Apparently, all college football coaches care about is preserving their $10 million a year jobs, while providing a bailout for their overspending in the Transfer Portal.
The AFCA board met this week and made three recommendations for the future of the game:
• Expanded playoff with maximum participation
• Elimination of conference title games
• Ending the College Football Playoff by mid-January
Maximum participation, for now, means the playoff expands to four rounds and 24 teams. In 2025, that would have meant the field would have included 9-3 USC, 9-3 Michigan, Navy and North Texas.
At 8-4, No. 25 Missouri would have been howling they were snubbed, clamoring for expansion to 36, or a limit on Group of 6 participation.
Expanding the playoff while failing to solve any of the real problems
The problem with this everybody-gets-in philosophy is that it takes the most meaningful regular season in sports and gives it over to the TV hype machine. In one way the proposal doesn't go far enough-- start the season in Week Zero with a full slate and season can be wrapped up before the portal opens and the NFL playoffs start.
With an expanded field, it creates a situation where a crafty coach rests his starters for rivalry week. The coaches association likes it, because it preserves their jobs. Lincoln Riley can say, "Well, we made the playoffs. This proves we're on the right track. Fight on."
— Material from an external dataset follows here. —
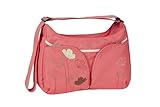 Wasserabweisendes Feuchtfach LÄSSIG Baby Wickeltasche Babytasche Stylische Tasche inkl. Wickelzubehör/Basic Shoulder Bag Poppy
Never mind he had to drop the game with Notre Dame to get there. Schedules will take another hit, because nobody has to strive for ranked wins or credibility. Line up three cupcakes early and slide into the Top 25 with a 6-3 conference record.
ADs like the idea because it creates a bigger pie of network money. It's a short-term fix for a lack of discipline-- now they can pay for all those five million dollar quarterbacks.
Eight was probably optimal. Twelve was enough. It created debate and interest, and teams had to be truly elite to make the field. As it is, there are rarely more than six teams with a legitimate shot to win it all.
One day, college football will be run by a strong commissioner who cares about the sport and understands its history. If the visor-wearing greed heads don't destroy it first.